§ Exercise material
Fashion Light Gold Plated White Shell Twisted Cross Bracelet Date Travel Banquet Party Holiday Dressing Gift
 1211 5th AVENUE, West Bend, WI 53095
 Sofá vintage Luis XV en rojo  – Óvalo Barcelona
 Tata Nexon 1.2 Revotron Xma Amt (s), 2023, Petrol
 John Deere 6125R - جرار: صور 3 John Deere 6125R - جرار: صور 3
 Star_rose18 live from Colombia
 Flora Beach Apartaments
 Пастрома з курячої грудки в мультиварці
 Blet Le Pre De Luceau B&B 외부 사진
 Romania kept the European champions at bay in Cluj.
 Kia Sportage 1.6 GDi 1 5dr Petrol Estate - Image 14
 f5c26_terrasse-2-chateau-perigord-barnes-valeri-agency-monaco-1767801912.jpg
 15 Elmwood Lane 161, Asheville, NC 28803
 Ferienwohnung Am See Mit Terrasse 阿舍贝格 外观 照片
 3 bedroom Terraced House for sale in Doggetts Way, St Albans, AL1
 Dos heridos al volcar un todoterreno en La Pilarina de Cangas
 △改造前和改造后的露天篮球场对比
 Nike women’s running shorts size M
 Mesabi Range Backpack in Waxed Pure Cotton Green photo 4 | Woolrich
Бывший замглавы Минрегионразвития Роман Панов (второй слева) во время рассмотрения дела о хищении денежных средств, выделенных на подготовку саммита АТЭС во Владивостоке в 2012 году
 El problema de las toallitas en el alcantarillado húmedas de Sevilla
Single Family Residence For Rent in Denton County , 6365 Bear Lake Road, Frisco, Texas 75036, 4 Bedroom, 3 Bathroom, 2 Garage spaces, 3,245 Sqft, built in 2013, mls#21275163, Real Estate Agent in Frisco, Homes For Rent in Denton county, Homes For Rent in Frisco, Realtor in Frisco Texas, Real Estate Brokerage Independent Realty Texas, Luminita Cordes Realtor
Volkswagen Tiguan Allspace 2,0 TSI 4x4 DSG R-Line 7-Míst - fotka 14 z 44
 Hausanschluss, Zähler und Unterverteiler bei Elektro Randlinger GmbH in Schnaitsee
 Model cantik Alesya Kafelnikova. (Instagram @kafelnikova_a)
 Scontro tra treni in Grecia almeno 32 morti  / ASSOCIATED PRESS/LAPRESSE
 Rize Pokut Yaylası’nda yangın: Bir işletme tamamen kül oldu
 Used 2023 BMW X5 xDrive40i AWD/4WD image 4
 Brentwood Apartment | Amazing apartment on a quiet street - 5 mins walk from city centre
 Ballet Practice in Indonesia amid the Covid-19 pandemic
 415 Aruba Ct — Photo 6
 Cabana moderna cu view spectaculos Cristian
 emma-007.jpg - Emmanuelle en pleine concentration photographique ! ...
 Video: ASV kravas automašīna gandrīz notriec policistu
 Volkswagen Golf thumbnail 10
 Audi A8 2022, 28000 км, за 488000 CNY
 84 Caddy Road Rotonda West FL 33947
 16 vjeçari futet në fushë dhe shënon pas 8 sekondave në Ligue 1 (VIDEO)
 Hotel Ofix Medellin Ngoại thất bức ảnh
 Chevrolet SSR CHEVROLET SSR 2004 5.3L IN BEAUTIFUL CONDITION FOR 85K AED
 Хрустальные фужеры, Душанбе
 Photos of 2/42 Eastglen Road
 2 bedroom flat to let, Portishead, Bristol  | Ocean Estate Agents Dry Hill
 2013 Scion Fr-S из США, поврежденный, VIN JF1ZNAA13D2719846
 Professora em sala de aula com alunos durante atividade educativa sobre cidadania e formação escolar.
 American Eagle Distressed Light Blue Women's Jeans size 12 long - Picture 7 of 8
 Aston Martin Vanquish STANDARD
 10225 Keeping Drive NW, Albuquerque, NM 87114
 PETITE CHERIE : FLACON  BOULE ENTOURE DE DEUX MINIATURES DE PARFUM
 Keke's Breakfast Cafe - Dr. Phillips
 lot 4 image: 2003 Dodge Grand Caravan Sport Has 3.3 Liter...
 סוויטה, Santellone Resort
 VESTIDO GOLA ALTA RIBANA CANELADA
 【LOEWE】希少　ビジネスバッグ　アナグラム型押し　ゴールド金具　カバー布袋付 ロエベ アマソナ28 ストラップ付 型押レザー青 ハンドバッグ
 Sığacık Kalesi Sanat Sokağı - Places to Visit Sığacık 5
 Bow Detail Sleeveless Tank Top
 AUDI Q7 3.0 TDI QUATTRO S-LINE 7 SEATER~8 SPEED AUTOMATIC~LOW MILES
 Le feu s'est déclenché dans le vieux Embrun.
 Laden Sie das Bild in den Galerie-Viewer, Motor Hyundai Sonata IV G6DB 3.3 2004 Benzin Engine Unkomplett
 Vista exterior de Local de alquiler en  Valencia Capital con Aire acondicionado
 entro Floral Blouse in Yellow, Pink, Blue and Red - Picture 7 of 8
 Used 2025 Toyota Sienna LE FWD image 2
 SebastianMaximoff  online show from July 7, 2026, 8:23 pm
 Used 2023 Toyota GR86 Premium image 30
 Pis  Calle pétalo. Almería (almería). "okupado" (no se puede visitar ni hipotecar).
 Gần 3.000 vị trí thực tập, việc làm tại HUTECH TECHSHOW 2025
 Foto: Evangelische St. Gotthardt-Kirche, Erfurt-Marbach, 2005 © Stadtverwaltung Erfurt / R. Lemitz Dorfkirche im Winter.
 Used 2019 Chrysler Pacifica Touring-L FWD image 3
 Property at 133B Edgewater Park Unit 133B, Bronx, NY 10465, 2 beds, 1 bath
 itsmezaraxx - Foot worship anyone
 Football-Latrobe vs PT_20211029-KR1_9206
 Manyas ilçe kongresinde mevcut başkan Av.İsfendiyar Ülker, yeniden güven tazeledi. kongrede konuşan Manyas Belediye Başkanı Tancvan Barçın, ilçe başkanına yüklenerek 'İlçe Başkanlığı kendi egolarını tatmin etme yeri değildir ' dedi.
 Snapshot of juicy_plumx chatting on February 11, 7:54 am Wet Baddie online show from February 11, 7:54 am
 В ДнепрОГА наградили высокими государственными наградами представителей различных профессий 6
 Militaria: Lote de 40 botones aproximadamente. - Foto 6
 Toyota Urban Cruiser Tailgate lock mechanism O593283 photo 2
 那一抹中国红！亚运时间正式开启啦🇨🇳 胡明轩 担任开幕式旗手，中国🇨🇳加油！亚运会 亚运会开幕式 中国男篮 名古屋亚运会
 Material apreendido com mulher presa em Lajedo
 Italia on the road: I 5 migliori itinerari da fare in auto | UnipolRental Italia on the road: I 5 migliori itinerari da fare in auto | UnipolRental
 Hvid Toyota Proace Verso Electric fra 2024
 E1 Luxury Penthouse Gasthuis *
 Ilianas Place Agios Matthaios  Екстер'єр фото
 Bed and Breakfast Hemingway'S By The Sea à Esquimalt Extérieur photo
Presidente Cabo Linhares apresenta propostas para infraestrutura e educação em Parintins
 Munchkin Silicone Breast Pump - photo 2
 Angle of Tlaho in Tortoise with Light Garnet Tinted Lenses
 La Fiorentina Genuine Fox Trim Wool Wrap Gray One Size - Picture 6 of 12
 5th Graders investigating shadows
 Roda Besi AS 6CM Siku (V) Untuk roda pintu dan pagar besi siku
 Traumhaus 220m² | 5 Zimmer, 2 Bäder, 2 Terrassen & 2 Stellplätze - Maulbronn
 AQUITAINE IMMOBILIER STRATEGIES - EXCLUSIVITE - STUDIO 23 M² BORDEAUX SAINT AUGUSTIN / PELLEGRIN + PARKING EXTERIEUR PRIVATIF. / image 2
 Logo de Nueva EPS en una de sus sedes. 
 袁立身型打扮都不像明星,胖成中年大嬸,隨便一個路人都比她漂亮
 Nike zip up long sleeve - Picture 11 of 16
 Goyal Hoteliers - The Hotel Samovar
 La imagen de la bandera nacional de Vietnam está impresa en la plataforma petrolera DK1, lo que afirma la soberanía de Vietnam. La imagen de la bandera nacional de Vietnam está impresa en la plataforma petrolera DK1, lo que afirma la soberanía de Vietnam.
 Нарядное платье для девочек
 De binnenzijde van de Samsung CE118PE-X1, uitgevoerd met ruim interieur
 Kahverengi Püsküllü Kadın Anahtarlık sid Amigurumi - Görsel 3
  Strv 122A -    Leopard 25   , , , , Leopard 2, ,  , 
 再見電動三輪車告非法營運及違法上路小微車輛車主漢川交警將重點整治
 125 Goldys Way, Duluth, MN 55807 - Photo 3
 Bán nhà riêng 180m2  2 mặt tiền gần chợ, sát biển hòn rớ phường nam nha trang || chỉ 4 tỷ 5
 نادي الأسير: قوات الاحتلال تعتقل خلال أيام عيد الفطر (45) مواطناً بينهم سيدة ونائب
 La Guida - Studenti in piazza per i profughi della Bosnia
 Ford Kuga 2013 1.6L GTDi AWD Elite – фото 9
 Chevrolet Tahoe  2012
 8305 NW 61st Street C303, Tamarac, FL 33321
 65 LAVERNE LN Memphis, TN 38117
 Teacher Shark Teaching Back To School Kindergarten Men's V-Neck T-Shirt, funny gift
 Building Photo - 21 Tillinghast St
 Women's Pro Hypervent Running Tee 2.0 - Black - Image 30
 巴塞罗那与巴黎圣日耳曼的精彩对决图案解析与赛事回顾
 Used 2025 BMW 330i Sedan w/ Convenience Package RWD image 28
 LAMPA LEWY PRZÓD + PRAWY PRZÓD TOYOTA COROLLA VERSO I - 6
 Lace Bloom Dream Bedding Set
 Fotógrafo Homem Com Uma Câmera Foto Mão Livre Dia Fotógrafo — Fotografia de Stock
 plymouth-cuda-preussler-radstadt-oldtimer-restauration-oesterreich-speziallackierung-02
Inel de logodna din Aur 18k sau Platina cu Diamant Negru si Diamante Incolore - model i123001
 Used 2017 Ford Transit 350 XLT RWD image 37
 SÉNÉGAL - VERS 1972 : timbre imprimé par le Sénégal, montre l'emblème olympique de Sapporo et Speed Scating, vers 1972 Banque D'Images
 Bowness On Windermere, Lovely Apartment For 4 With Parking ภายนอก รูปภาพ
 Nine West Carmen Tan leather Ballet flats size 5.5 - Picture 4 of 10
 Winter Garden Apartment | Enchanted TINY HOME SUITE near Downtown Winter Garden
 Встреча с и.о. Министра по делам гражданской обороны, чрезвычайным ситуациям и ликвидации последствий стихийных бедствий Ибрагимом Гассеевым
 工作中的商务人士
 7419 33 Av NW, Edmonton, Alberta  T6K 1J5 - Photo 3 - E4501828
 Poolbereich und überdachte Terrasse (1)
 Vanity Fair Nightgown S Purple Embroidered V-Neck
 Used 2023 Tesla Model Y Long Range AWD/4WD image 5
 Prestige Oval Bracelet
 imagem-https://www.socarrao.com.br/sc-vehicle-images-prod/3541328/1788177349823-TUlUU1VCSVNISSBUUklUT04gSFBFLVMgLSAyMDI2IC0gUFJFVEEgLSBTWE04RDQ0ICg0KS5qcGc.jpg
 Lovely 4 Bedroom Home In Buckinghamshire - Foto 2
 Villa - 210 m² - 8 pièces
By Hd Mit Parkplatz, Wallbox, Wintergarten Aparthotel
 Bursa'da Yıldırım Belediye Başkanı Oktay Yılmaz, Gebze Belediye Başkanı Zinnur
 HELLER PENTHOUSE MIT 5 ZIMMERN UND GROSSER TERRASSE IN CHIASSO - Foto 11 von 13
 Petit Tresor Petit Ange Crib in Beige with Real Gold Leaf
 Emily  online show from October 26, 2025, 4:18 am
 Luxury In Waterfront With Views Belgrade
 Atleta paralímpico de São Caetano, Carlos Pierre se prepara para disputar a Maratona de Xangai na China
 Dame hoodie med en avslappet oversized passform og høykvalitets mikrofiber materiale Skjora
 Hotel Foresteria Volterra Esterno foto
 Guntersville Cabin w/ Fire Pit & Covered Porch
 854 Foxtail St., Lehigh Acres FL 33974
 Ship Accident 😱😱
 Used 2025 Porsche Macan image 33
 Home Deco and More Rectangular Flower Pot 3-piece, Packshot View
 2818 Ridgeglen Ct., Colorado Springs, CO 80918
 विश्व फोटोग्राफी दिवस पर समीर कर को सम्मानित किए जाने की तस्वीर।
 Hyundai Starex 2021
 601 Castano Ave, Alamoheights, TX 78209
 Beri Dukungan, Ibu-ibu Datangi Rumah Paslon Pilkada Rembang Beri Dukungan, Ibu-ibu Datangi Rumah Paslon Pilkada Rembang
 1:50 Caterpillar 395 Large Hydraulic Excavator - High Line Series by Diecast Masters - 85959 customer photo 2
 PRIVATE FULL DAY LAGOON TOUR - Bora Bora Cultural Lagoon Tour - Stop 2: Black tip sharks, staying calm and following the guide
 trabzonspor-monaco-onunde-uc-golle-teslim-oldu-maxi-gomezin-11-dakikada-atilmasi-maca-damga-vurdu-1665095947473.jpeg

§ Instructions to follow
From the listing above, the lines starting with the one that has "lot 4 image: 2003" and running through the one that has "Sığacık Kalesi Sanat" should be copied exactly, ends included.

§ Written answer
 lot 4 image: 2003 Dodge Grand Caravan Sport Has 3.3 Liter...
 סוויטה, Santellone Resort
 VESTIDO GOLA ALTA RIBANA CANELADA
 【LOEWE】希少　ビジネスバッグ　アナグラム型押し　ゴールド金具　カバー布袋付 ロエベ アマソナ28 ストラップ付 型押レザー青 ハンドバッグ
 Sığacık Kalesi Sanat Sokağı - Places to Visit Sığacık 5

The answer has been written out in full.